Law enforcement and city officials have been able to cut crime in the Four Corners area by enforcing building codes and threatening to seize properties.

TYLER TEXAS — Crime is down in the area known as the Four Corners, where local hotels historically have been home to prostitution, sexual assaults, drugs and other offenses.

Law enforcement and city officials say they were able to bring crime down after putting pressure on owners of the nearby hotels by enforcing the city’s building codes and threatening to seize their property.

The Four Corners is the area in Tyler near the intersection of west northwest Loop 323 and U.S. Highway 69. The intersection is just 10 miles south of Interstate 20, which runs from Dallas to Shreveport.

There are two gas stations on the northwest and southeast corners of the Four Corners, and motels on the northeast and southwest corners. Another 10 motels are concentrated on nearby parts of Loop 323 and Highway 69.

Tyler Mayor Martin Heines said at a public forum during his re-election campaign that the city has been working with the Smith County District Attorney’s Office, the U.S. Attorneys Office and the federal court system to tackle the problems starting with the hotels.

“We have actually sent notification to the owners of those hotels that if we find violations that we will do federal seizure of those properties,” Heines said, referencing asset forfeiture laws that allow law enforcement officials to take property used in crimes.

“They are working on cleaning it up,” Heines said. “We have plenty of police officers to work on that, and they are committed to actually working on that area, and we have had success over the past year and a half.

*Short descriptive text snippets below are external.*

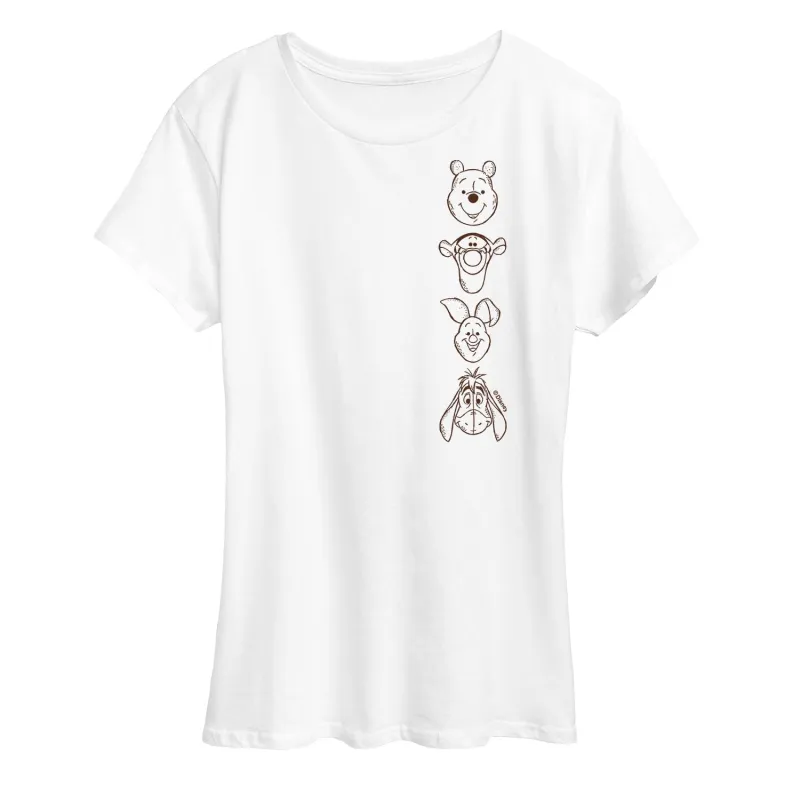 Winnie the Pooh - Tigger, Pooh Bear, Piglet, and Eeyore - Women's Short Sleeve Graphic T-Shirt made by Zulily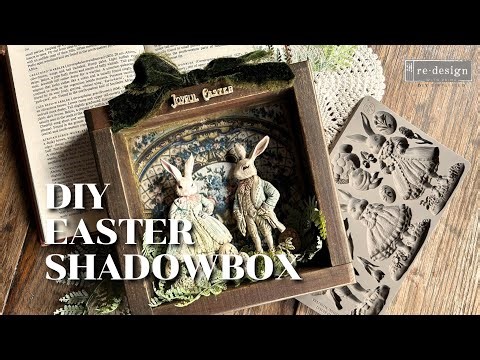 So Many Techniques in One Project | Vintage Easter Decor DIY Using Moulds & More With Cari!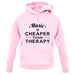 Music Is Cheaper Than Therapy Unisex Hoodie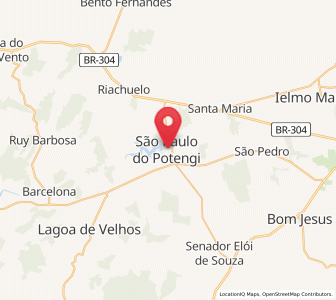 Map of São Paulo do Potengi, Rio Grande do Norte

“That is an area that it’s completely unacceptable for this community what happens there. The human trafficking is an issue that’s been elevated more and more because the I-20 corridor," he said. "It is just not acceptable what’s going on, so we have done that.”

Tyler Police Department officials declined to identify specific hotels, but released information on crime investigations at 12 nearby hotels in response to the Tyler Morning Telegraph’s request under the Texas Public Information Act.

From 2013 to 2017, the number of crime investigations the Tyler Police Department opened into cases at six hotels near the Four Corners declined from 411 to 187— a 54.5 percent decrease—according to a data analysis by the Tyler Morning Telegraph.

In 2013, the most common reason for an investigation was a report of a suspicious person. There were 102 of those reports that year. By 2016, the number of investigations opened due to suspicious person reports fell to 51, and by 2017 it fell to 33.

Meanwhile, crime investigations related to drugs and drug paraphernalia have remained steady. At the six hotels, there were 26 cases related to drugs in 2013; 43 in 2014; 13 in 2015; 29 in 2016; and 23 in 2017.

The biggest category of drug offenses during those five years has been narcotic violations, which can include anything from heroin to pain pills. There were 14 narcotics cases at those hotels in 2013; 25 in 2014; 7 in 2015; 12 in 2016; and 9 in 2017.

Ed Moore, the Tyler city councilman who represents the northwestern region of the city, said he lives about three blocks from the Four Corners. He said he’s seen a noticeable decrease in suspicious activity in the past 18 months, but there’s still room for improvement.

“It was not conducive to people even wanting to shop or stop at the local restaurant,” Moore said of the area a few years ago. “It just created an atmosphere, especially after dark, that people did not want to hang around, even at the local service stations in the area.”

“When you drove up to a gas pump someone sat around wanting $2 or $3, asking you for money, and you could see prostitutes standing on the corner, or even at the store doing the solicitation,” Moore said.

Sage Bhata, the manager of Stay Express Inn, formerly known as the Rosewood Inn, said she simply declines to rent to suspicious people and calls the police when they come in trying to rent a room.

“You can just tell because some of them, they’re mostly on drugs,” Bhata said. “You can tell when they come in. They’re high, most of it. You can tell with the way they talk and walk.”

Managers and owners of several other motels in the area did not return messages seeking comment.

City Manager Ed Broussard said the threat of asset forfeiture has been enough to drive down the crime. He said some of the motel owners started cooperating, and others sold the motels.

That meant officials were able to achieve their goal of reducing crime in the area without being faced with seizing a property and then deciding what to do with a city-owned motel.

Moore said one way to decrease crime further would be for the local motels to raise their prices. Travel websites advertise room prices at motels on the four corners as low as $34 per night.

“Do a major renovation, whatever it takes, and raise the prices of your rental, because rental rates is the thing that drives crime,” Moore said. With higher prices, he said, “then you actually curtail who your tenants are going to be.”

Tyler Police Department spokesman Don Martin said the department is proud of the work it’s done with others to reduce crime at the hotels because there are still people who come to Tyler and can only afford to book a cheap motel room.

“That area up there is where you may have travelers that are saying, ‘Let’s stop in Tyler for the night. I drove all day long,’” Martin said. “They’re on vacation or whatever, so the first hotels they’re going to get to are those.

“They may not have the faintest clue of what they’re getting into,” Martin said. “All they see is hotels. And they say ‘Here’s the Holiday Inn Express. That’s a good name.’ All of a sudden they’re like, ‘... What’s going on?’”

He said members of the public should know that police care about the crime in all parts of the city.

“We don’t ignore any part of the city … and if it doesn’t go away, we just keep (on), we hammer it,” he said.